Saucer Fever in the Berkshires

The three week period that began on June 24, 1947 was a curious time in the history of our country. Whether literal or metaphoric, there was definitely something strange in the air. On the 24th, a pilot named Kenneth Arnold reported seeing nine disk-shaped objects flying across the sky near Mt. Rainier, Washington. At least twenty other persons across the Pacific Northwest reported seeing the same that day, but it was Arnold’s soberly told account and detailed description that drew the most attention, launching the term ‘flying saucer’ into its place in the American lexicon. Over the following days, as media spread discussion of Arnold’s story, others began coming forward all over the country, saying that they too had spotted similar objects. The trickle became a deluge on July 4, as many of the millions of people celebrating Independence Day outside looked up toward the sky and saw something they couldn’t account for.

That day marked the first mention of disks seen east of the Mississippi, as claims of sightings poured in from 28 states. Newspapers across the country had a field day, and the Berkshires were no exception. The Eagle interviewed Dr. John Lynn, a behavioral scientist from Valhalla, N.Y., who attributed the phenomenon to anxieties about atomic weapons. He also compared them to the scare brought on by Orson Welles’ War of the World broadcast nearly a decade earlier- a particularly interesting statement, considering the fact that no one had yet suggested any connection between the saucers and anything extraterrestrial.

Meanwhile, some area residents had already spotted what they believed to be examples of the bizarre objects. A group of four Pittsfield residents, while watching the parade (described as the longest and best to date at that time) observed a disk overhead around 10:45. One of the witnesses, Mrs. Sidney Smith of Pomeroy Avenue, described it as “round, colorless, luminous object with a peculiar rolling motion.” The saucer sped off south, gaining altitude as it went. Reaction among residents who had not seen anything was mixed, as far as can be judged by a random survey of people on North Street on July 7. “I certainly don’t think it’s imagination, not with so many people seeing them,” said a Pittsfield photographer, “It’s either what some foreign government is sending over, or an experiment of our own army.” John Foley of Foley’s Restaurant had a simpler explanation: “Somebody’s got the DT’s.”

By that time, “saucer fever” was reaching fever pitch across the country, with sightings having been reported in 38 states and parts of Canada. By the 8th, similar reports were coming in from Europe, Australia and Africa. That same day also saw national reporting of an Air Force official’s announcement that a crashed saucer had been recovered by the military near Roswell, New Mexico. Though retracted the following day, this press release had already given birth to a controversy that would last more than half a century.

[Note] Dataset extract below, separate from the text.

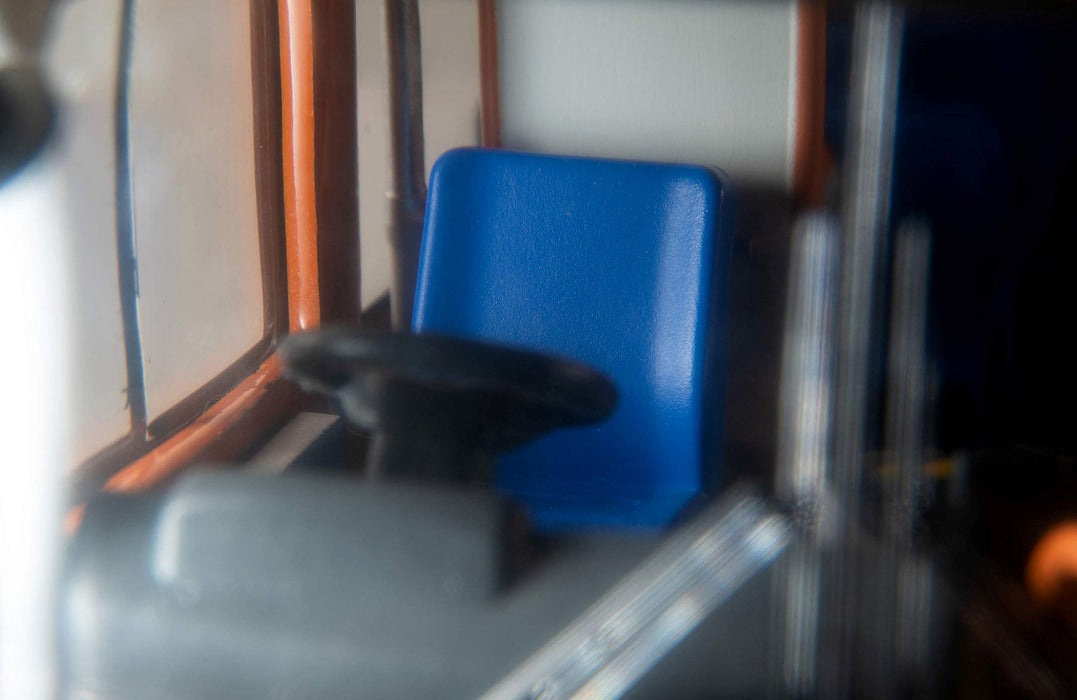 Tomytec Tomica Limited Vintage Neo 1/64 Lv-N245A Isuzu Elga Tokai Bus Finished Model- Japan Figure Store - #1 Bring To You The Best Japanese Goods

Sightings continued in Berkshire County as well. Mrs. Fairfield Osborne spotted one while staying as a guest at the Stockbridge home of Margaret Cresson, the daughter of famed sculptor Daniel Chester French. Mrs. Osborne said that prior to this she had never heard of the flying saucer phenomenon, but after viewing the strange aerial shape she consulted some recent newspapers and found that the descriptions there matched what she had seen exactly. She told reporters that what she had seen had been a brilliantly illuminated round object “like an automobile headlight in the sky.” The bright object appeared to hover around the top of Mount Everett, about 25 miles away. A few seconds later, it vanished entirely from view. Two similar bright objects were seen by architect Charles Masterson of Crane Avenue in Pittsfield, though Masterson admitted they may have been planes.

Over the following days the wave of interest in the new saucer phenomenon lessened in intensity as reports of sightings began to drop off. Whether this was because the sightings themselves had ebbed, or because by then an organized campaign of derision had been brought to bear in combating what some officials considered a dangerous panic (i.e., one that might interfere with public recognition and interest in more “real” national security threats) and people stopped coming forward so readily, is a debatable point. Various kinds of experts continued to attribute the wave to fears about nuclear warfare, or alternately, as Orville Wright, among others, believed, to government seeded fear-mongering. Most predicted that it would soon pass and be largely forgotten. This was not an unreasonable assumption on their part. Prior waves of unidentified flying objects, like the “mystery airships” widely reported in the late nineteenth and early twentieth century, or the “foo fighters” of World War II, though never completely explained, had been filed away in a dusty backroom of the national consciousness. But for whatever reason, this was not the case this time. “Saucer culture,” as one commentator called it, was here to stay, and the UFO phenomenon- whether physical, metaphysical, or sociological- has gone through cycles of greater and lesser interest, but never faded completely.

So, while this was certainly not the last time that a UFO sighting has been reported in the region (nor the first, according to some sources), it is worth noting that the seeds for this as a staple of American subject matter were sown in a space of a couple of weeks- and the Berkshires were very much a part of it, getting in on the ground floor of a most curious chapter of history.